Tyson Foods said Wednesday (Dec. 16) an independent investigation into the wagering allegations at its pork plant in Waterloo, Iowa, has led to the firing of seven management employees who were placed on suspension last month.
Tyson Foods suspended top plant leadership without pay after allegations they made light of the COVID-19 pandemic by operating a betting pool for supervisors and managers to wager how many plant employees would test positive.
“We value our people and expect everyone on the team, especially our leaders, to operate with integrity and care in everything we do,” said Tyson Foods President & CEO Dean Banks. “The behaviors exhibited by these individuals do not represent the Tyson core values, which is why we took immediate and appropriate action to get to the truth. Now that the investigation has concluded, we are taking action based on the findings.”
Banks said upon learning of the allegations, he and others immediately traveled to Waterloo in November and again Wednesday to meet with plant employees and community leaders to reinforce Tyson’s commitment to them.
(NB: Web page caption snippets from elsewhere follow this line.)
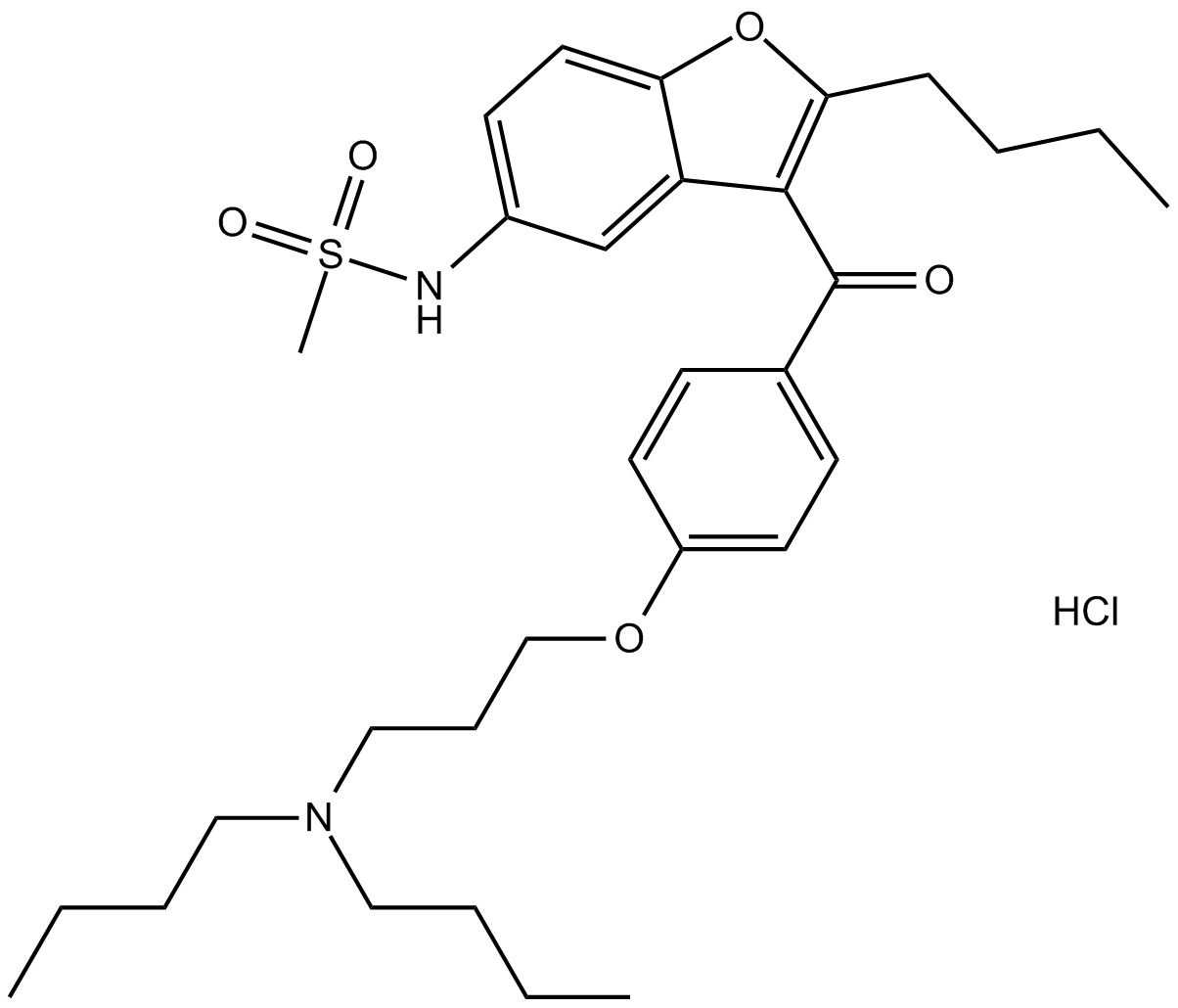 Dronedarone HCl Chemical Structure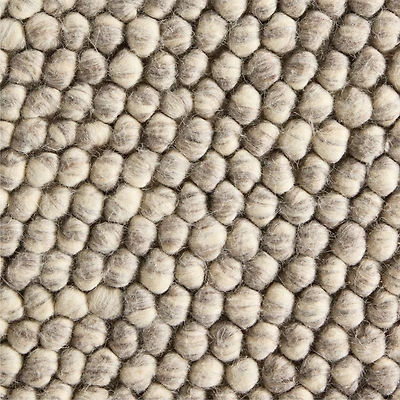 Orly Wool Blend Handwoven Cream and Grey Area Rug 9'x12'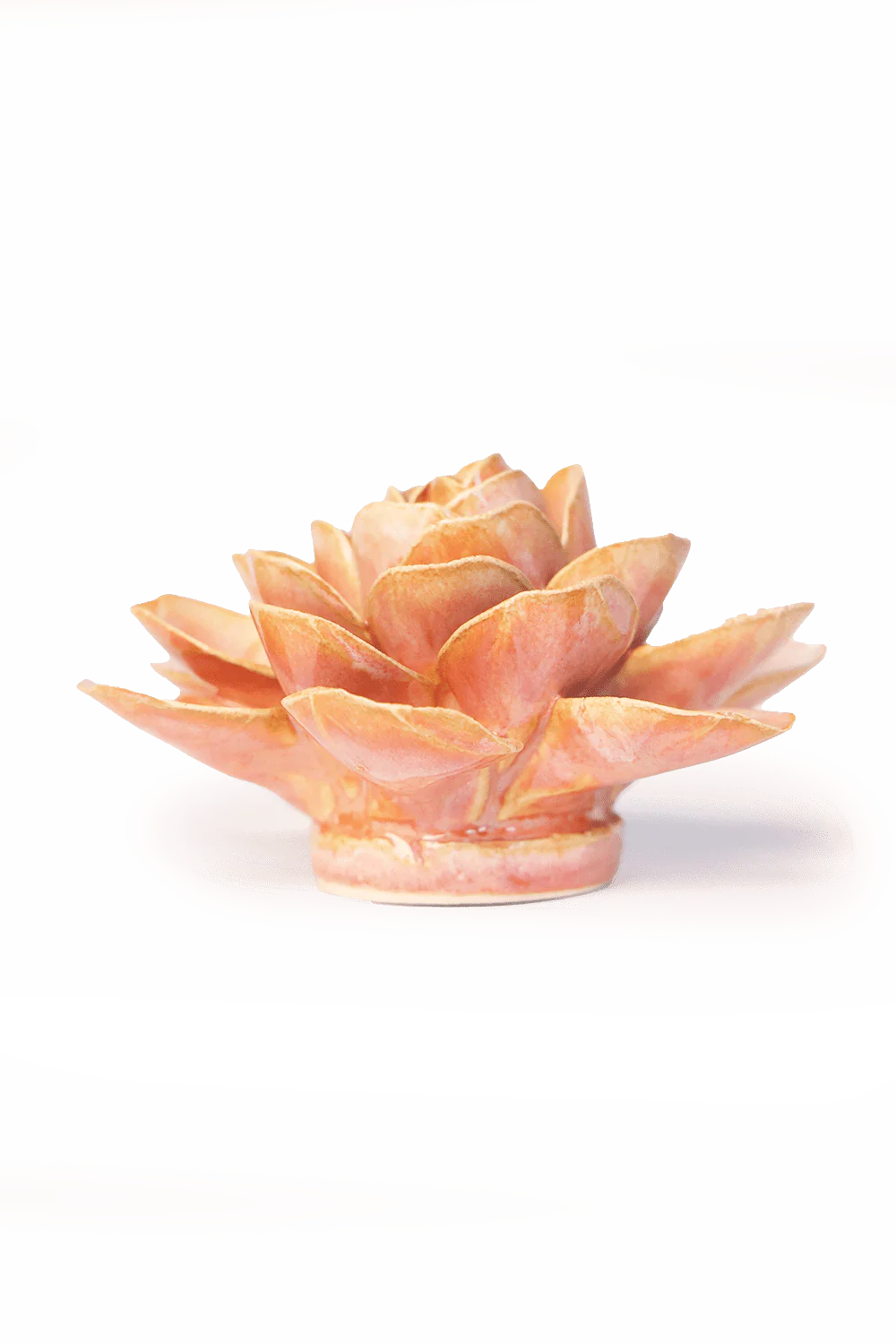 Ceramic Wall Flower | Peach Pink Begonia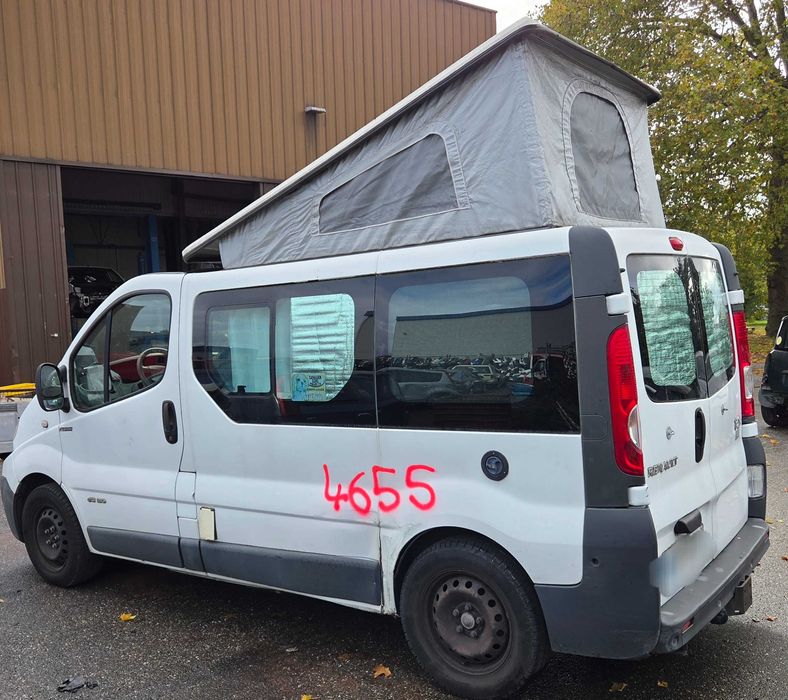 Dach podnoszony sypialny vivaro trafic Camper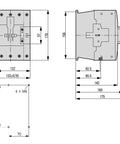 Contactor ALEA II 4 poli, 160A/AC-1, bobina la 230Vca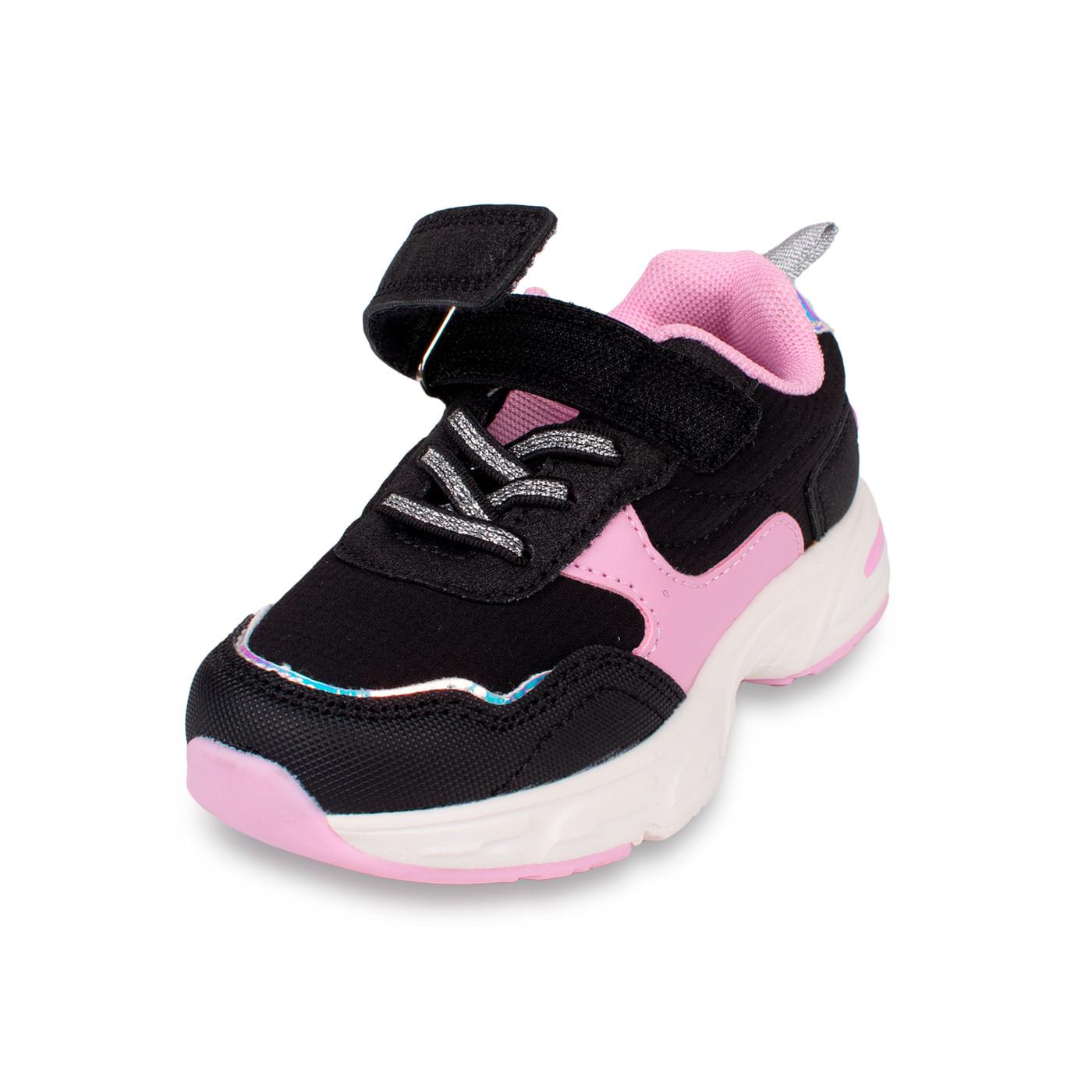 ZAPATILLAS BEBÉ NIÑA NEGRO TALLA 27 - 5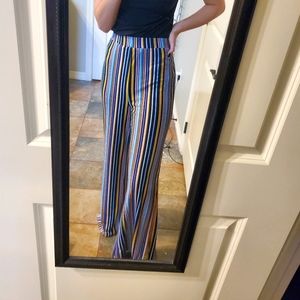 Striped flowy pants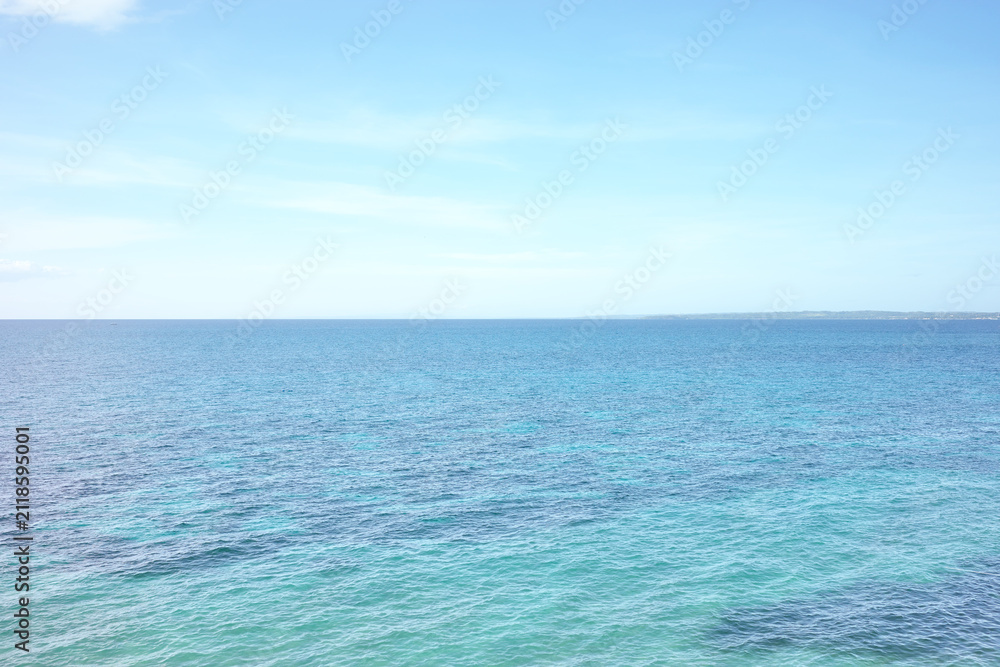 Fototapeta premium Calm seascape seen from above, natural background.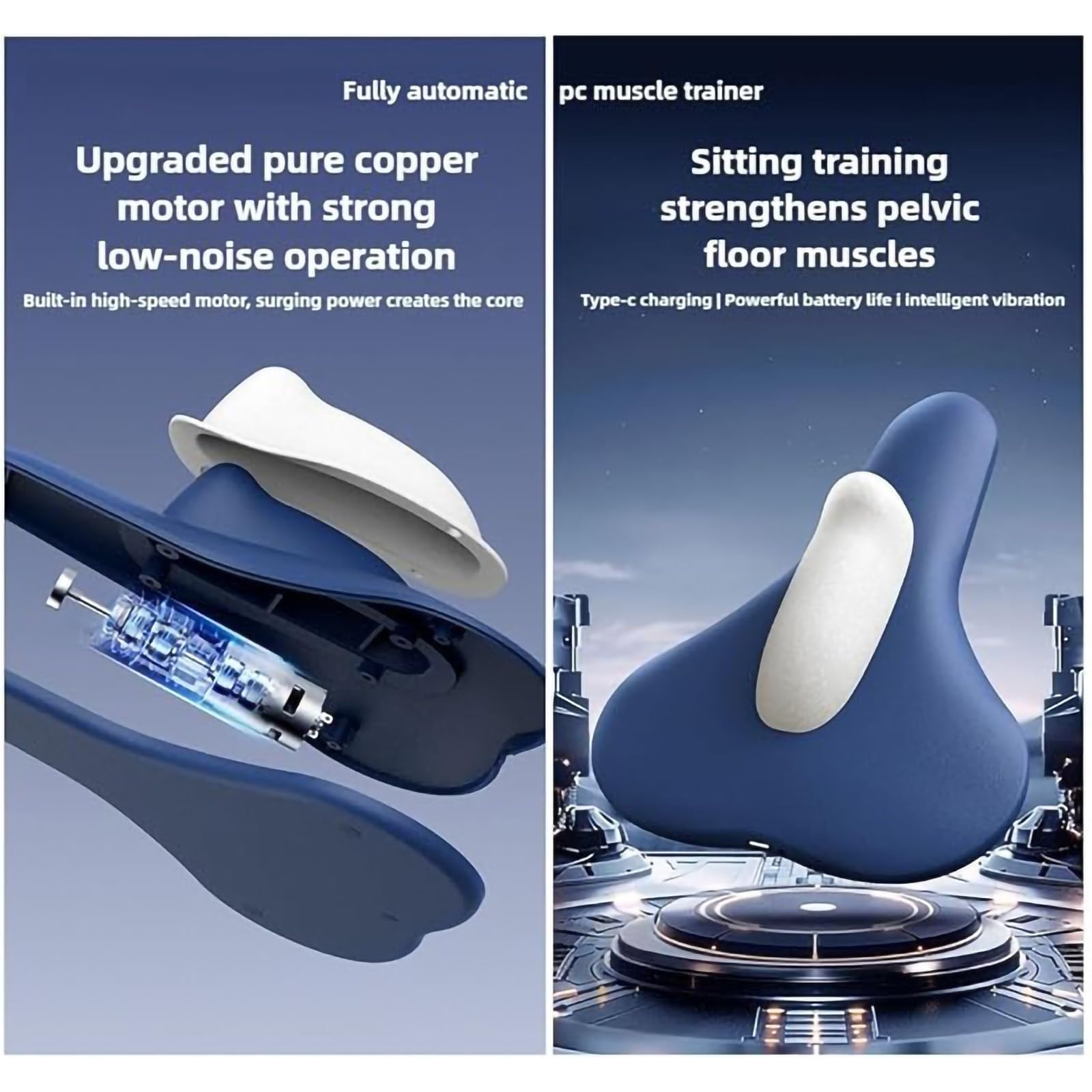 Rinforzante for il pavimento pelvico con modalità tradizionali, trasportabile e portatile for l'esercizio fisico quotidiano(Blue,1pcs)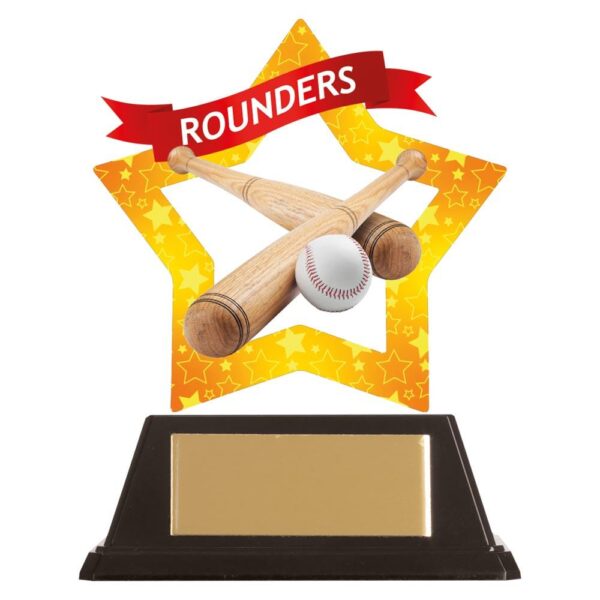 Mini-Star Rounders Acrylic Plaque - Engrave Express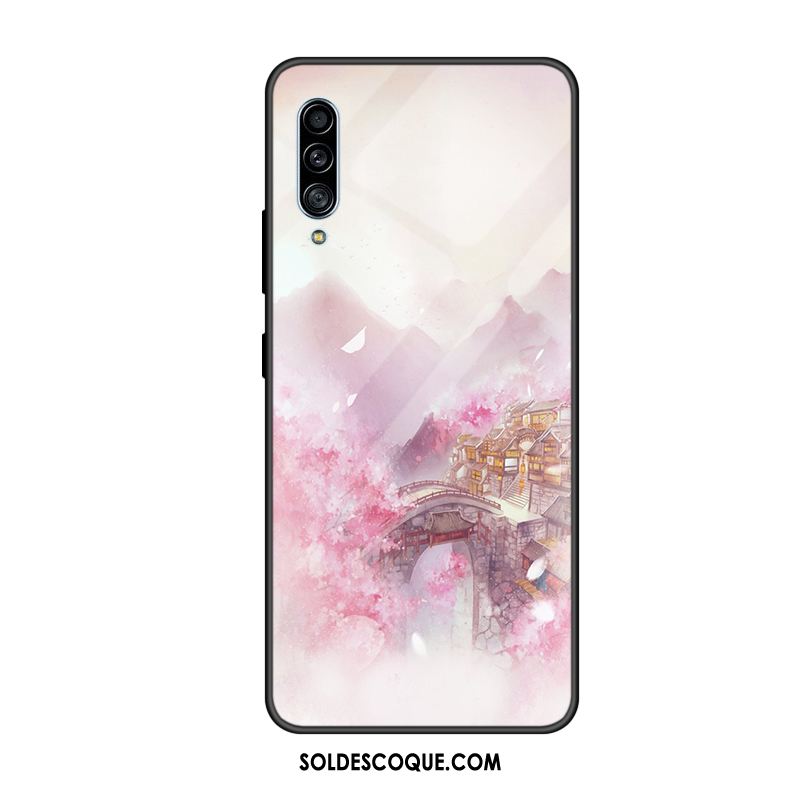 Coque Samsung Galaxy A90 5g Noir Téléphone Portable Difficile Verre Personnalisé En Vente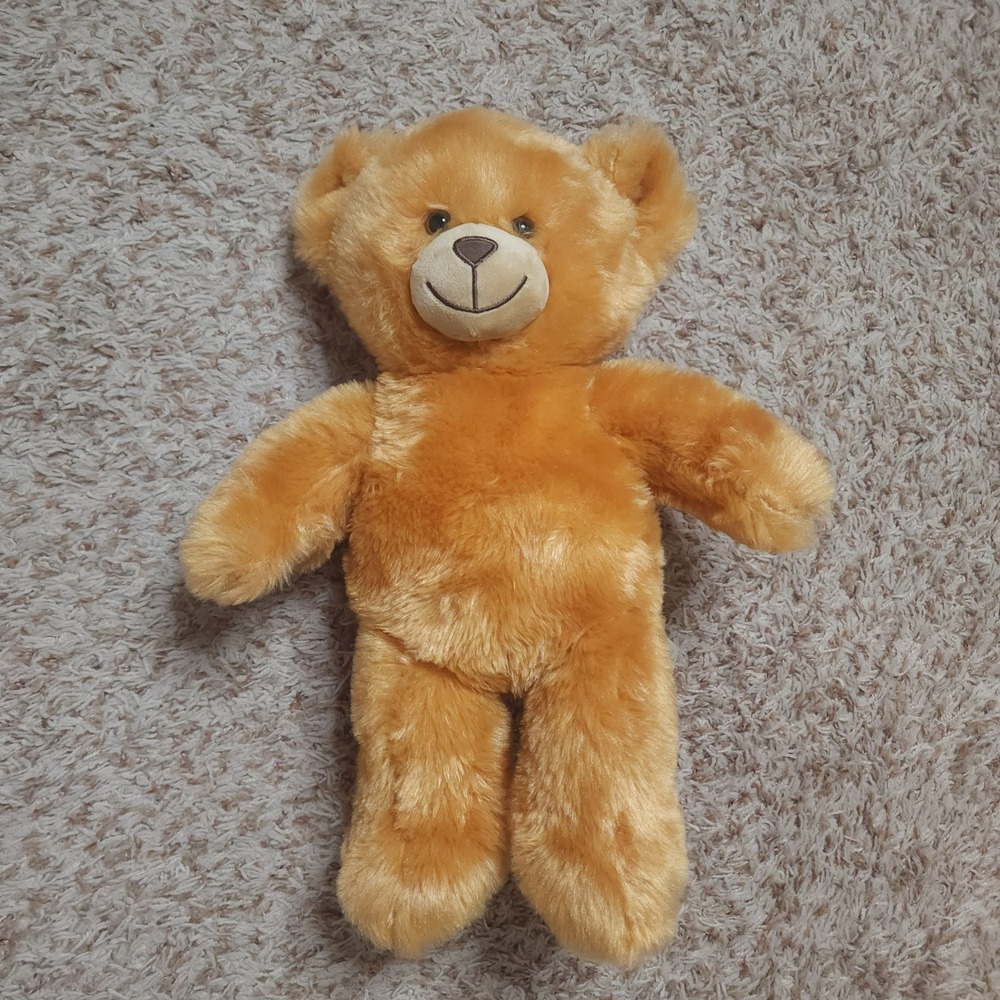 Build-A-Bear Workshop Teddy Bear Unisex 16in Golden Brown Plush Soft Stuffed Toy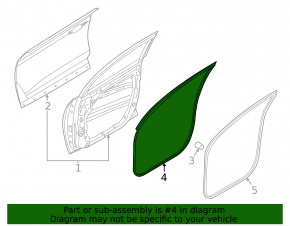 Hyundai Tucson 22-24 front left door seal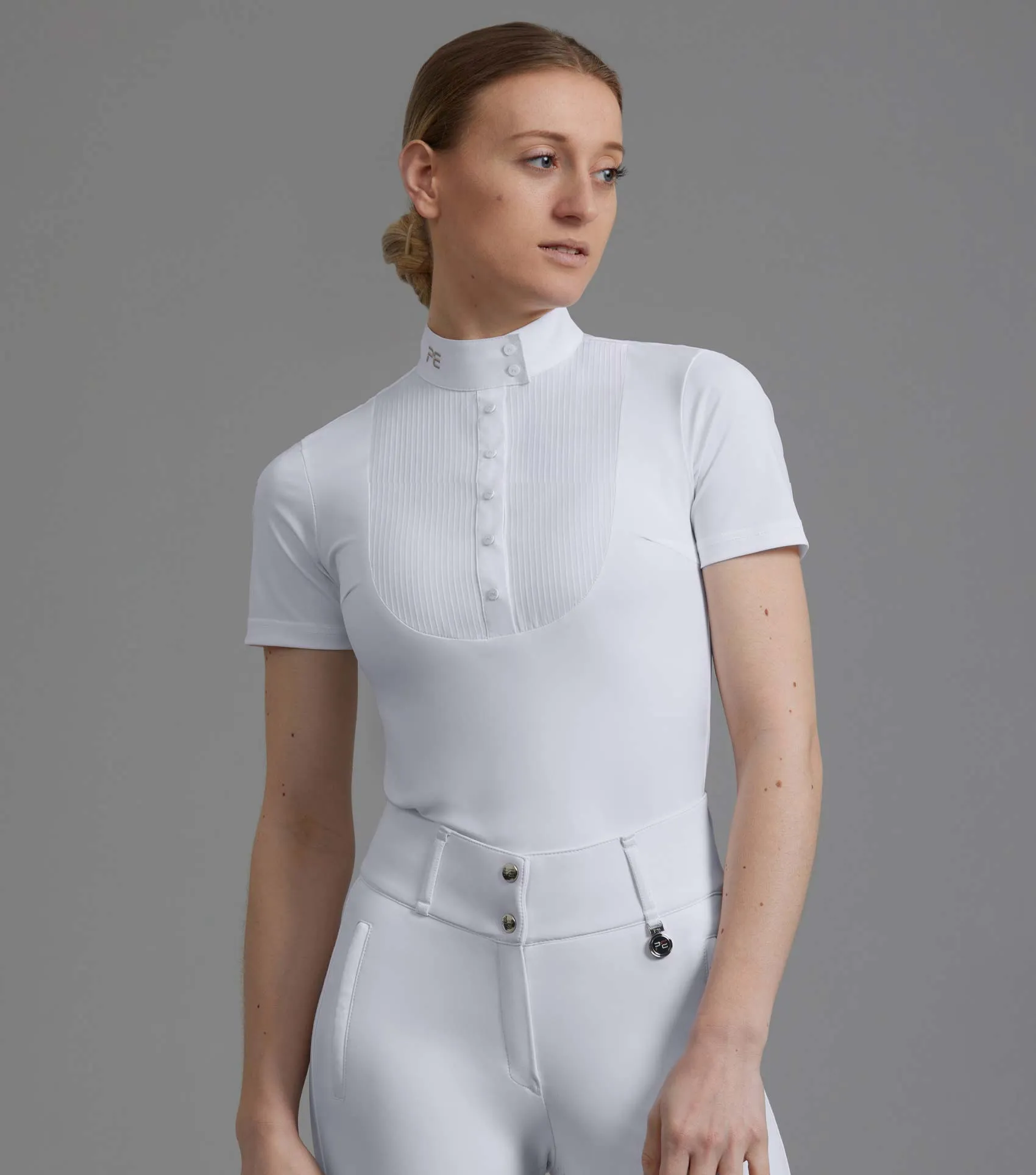 PEI Famosa Short Sleeve Show Shirt - White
He said Tyson is opening more communication channels to hear from employees and creating a working group of local community leaders to strengthen collaboration all while reinforcing the importance of Tyson’s published core values and employee mission.
“The commitment and passion that our team members exhibit every day is core to who we are at Tyson. We were very upset to learn of the behaviors found in the allegations, as we expect our leaders to treat all team members with the highest levels of respect and integrity,” said Banks. “That’s why we have asked former Attorney General Eric Holder and his team to partner with Tyson to help us as we continue to look for ways to enhance a trusting and respectful workplace.”
Tyson was also hit with another lawsuit in Iowa from the family of Michale Everhard, an employee who died in June after contracting COVID-19. This is the fifth lawsuit against Tyson in recent months relating to COVID-19 deaths among its workforce in Iowa. The Everhard suit accuses Tyson Foods of failing to maintain social distancing between employees and inadequately training workers and cleaning work areas in response to the spread of COVID-19 in the Storm Lake, Iowa fresh meats plant.
Tyson Foods released the following statement regarding this latest suit: “We’re saddened by the loss of any Tyson team member and sympathize with their families. Our top priority is the health and safety of our workers and we’ve implemented a host of protective measures at our facilities that meet or exceed CDC and OSHA guidance for preventing COVID-19.”
The United Food and Commercial Workers International Union issued the following statement on Nov. 23 about the Tyson workplace allegations.
“America’s meatpacking workers are dying on the frontlines of this pandemic, putting themselves in harm’s way to ensure our families can put food on the table this Thanksgiving. This shocking report of supervisors allegedly taking bets on how many workers would get infected, pressuring sick workers to stay on the job, and failing to enforce basic safety standards, should outrage every American.
“These stunning safety failures make clear that the Trump Administration and Iowa Governor Kim Reynolds care more about industry profits than protecting America’s frontline workers. Protecting our country’s meatpacking workers is essential to keeping our food supply secure. We are continuing to call on elected leaders to implement an enforceable national safety standard, increased access to PPE and COVID-19 testing, and rigorous proactive inspections.
“Without immediate action, deadly outbreaks like this will quickly spread across the Midwest and cause COVID-19 cases to spike even higher. Our country’s meatpacking workers, and the millions of American they serve, deserve and expect better from those sworn to protect us.”